Tuesday, December 2, 2014

Lisa Wilson's "A History of Stepfamilies in Early America"

Lisa Wilson is the Charles J. MacCurdy Professor of American History at Connecticut College and the author of A History of Stepfamilies in Early America (University of North Carolina Press, 2014). She is also the author of the award-winning, Ye Heart of a Man: The Domestic Life of Men in Colonial New England (Yale University Press, 1999) and Life After Death: Widows in Pennsylvania, 1750-1850 (Temple University Press, 1992).

Wilson applied the “Page 99 Test” to A History of Stepfamilies in Early America and reported the following:
Page 99 of my book demonstrates the early nineteenth-century attempt to retrain stepchildren to treat their stepmothers with more respect and teach stepmothers to be more loving.

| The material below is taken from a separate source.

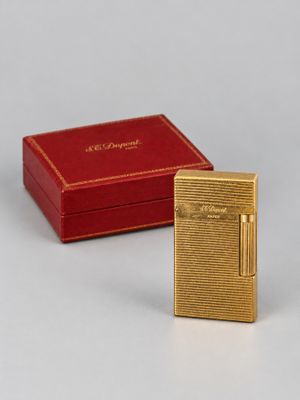 un briquet plaqué or avec un carré rouge sur un fond blanc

As middle-class families became mother-lead and child-centered at the end of the eighteenth century the prejudice against stepmothers worsened. Since mothers could no longer behave badly and fit this new ideal the traditionally evil stepmothers took on the baggage of cruelty they left behind. Mothers were seen as angelic so stepmothers became more devilish. In the early nineteenth century there was an effort to alleviate the plight of stepmothers and stepchildren. Primarily in women's and children's magazines, stepmothers were taught to be kind to their stepchildren and stepchildren were urged to be more respectful to their stepmothers. This literature argued that stepmothers were the best replacements for mothers. Likewise children were told that not all stepmothers were evil. Although a fascinating cultural intervention this magazine campaign failed to change our characterization of the stepmother/stepchild relationship even today.